Мы вошли в кафетерий на Сорок пятой стрит и взяли подносы.
– Обычные люди видят лишь малую часть, – оживленно продолжала Алиса. – Они ни на что не влияют и не способны подняться на новый уровень. А ты гений. Ты поднимаешься еще и еще, и ты видишь все больше. Ты для себя откроешь миры, о которых даже не подозревал.
Люди в очереди уже таращились на меня, и я ее незаметно ткнул пальцем, чтобы она хотя бы понизила голос.
– Я молюсь богу, чтобы все обошлось, – закончила она шепотом.
Какое-то время я не знал, что ей на это сказать. Мы заказали на стойке еду, сели за столик и ели, не говоря ни слова. Это молчание начало меня нервировать и, догадываясь о причине ее опасений, я пошутил:
– А что, собственно, может мне грозить? Хуже, чем прежде, уже не будет. Элджернон глупее не становится, так? А значит, и со мной будет все в порядке. – Я смотрел словно загипнотизированный, как она играючи проделывает кончиком ножа круговые бороздки в кубике масла. – Кстати, – продолжил я. – Случайно я стал свидетелем спора между профессором и доктором. Так вот, Нимур сказал, что эксперименту ничего не грозит, он в этом уверен.
– Я надеюсь, – отозвалась она. – Ты себе не представляешь, как я волновалась… а вдруг что-то пойдет не так? Я ведь тоже частично за тебя в ответе.
Она заметила, что я слежу за ее телодвижениями, и аккуратно положила нож рядом с тарелкой.
– Я на это пошел только ради вас, – сказал я.
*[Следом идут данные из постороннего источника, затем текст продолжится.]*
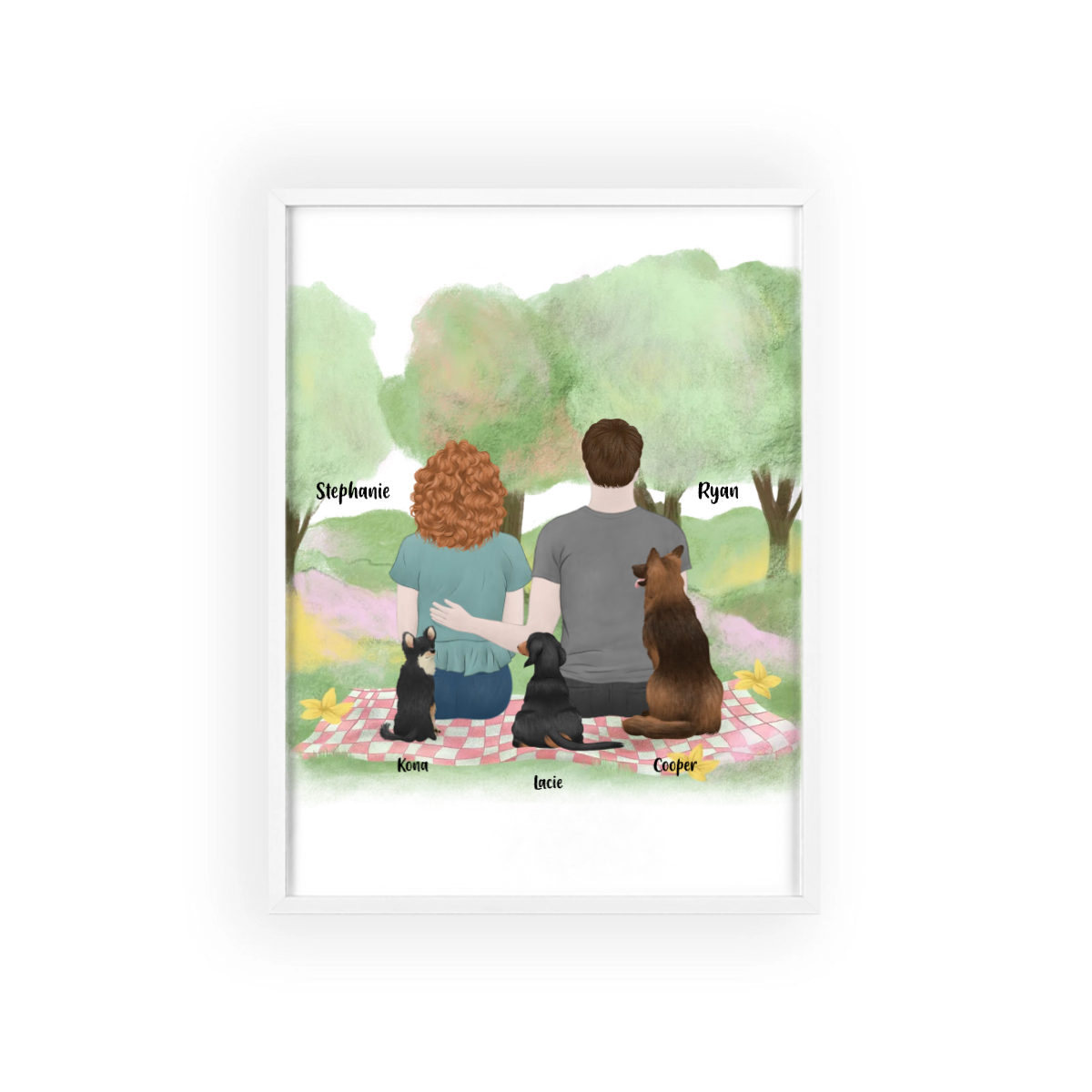 Du, ich und die Hunde Poster mit Holzrahmen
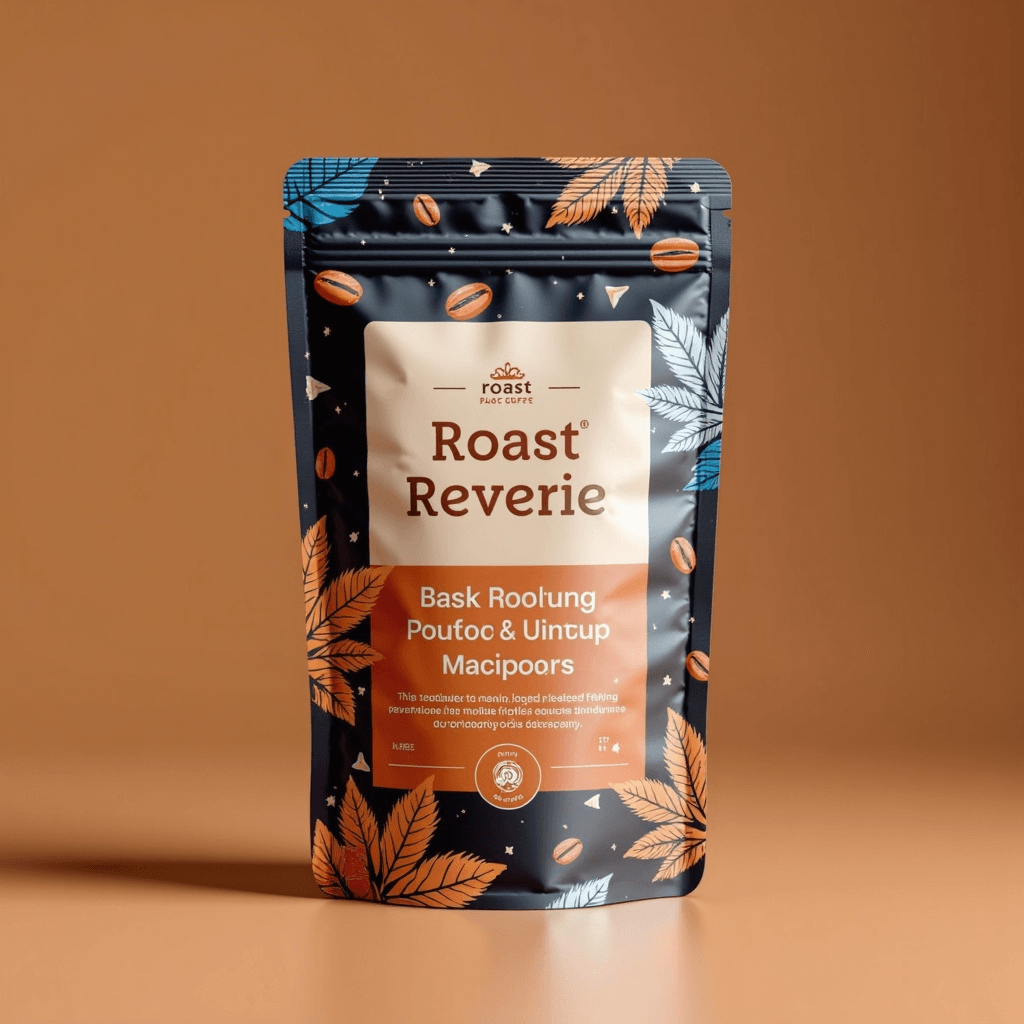 Standing coffee bag labeled ‘Roast Reverie’ against a warm orange background. The bag features a black and orange design with coffee beans and leaf illustrations, evoking an autumnal theme. The text describes the coffee blend and its characteristics, creating a cozy and artisanal feel.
Мои слова вызвали у нее легкий смех, и меня охватила дрожь. Тут-то я и увидел, что у нее нежные карие глаза. Она покраснела и опустила взгляд на скатерть.
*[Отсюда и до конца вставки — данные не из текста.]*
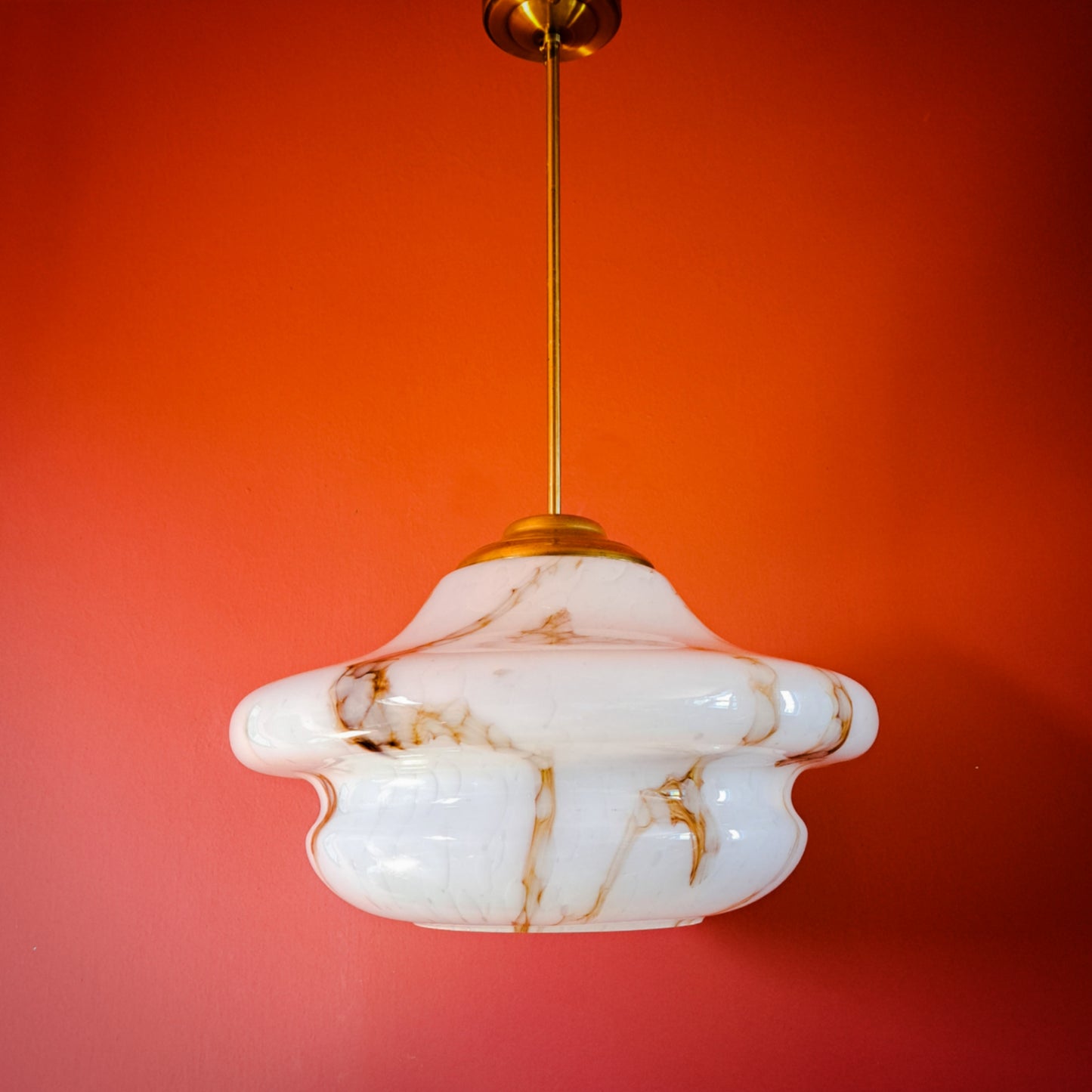 Large 1960s marble opaline glass pendant light with brass fittings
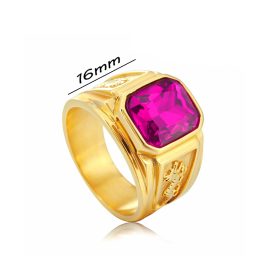 N581 Nhẫn Titan nam 2 bên chạm rồng đính đá màu hồng (Size 7)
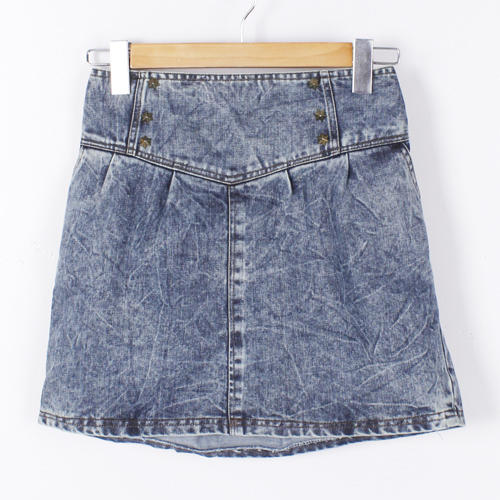 均码蓝色牛仔半身裙a字高腰显瘦包臀裙一步裙B88 商品图0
– Спасибо, Чарли. – Тут она взяла меня за руку.
Такое со мной проделали впервые, и это придало мне смелости. Я подался вперед, и с языка сорвалось:
– Вы мне очень нравитесь.
Я испугался, что она сейчас расхохочется, но она кивнула и улыбнулась:
– Ты мне тоже нравишься, Чарли.
– Но вы мне не просто нравитесь. Я хотел сказать… черт! Даже не знаю, что я хотел сказать.
Я чувствовал, как кровь прилила к щекам, и не знал, куда смотреть и что мне делать с моими руками. Я уронил вилку, а когда наклонился, чтобы ее поднять, опрокинул стакан воды ей на платье. Ну вот, снова сделался таким неуклюжим. Решил извиниться, но язык прилип ко рту.
– Ничего страшного, Чарли, – постаралась меня успокоить она. – Это всего лишь вода. Не надо так переживать.
В такси по дороге домой мы долго молчали, а потом она положила свою сумочку, выровняла мне галстук и поправила носовой платок в моем нагрудном кармане.
– Ты так сильно расстроился, Чарли.
– Я чувствую себя глупо.
– Мне не надо было говорить на эту тему. Я заставила тебя погрузиться в самоанализ.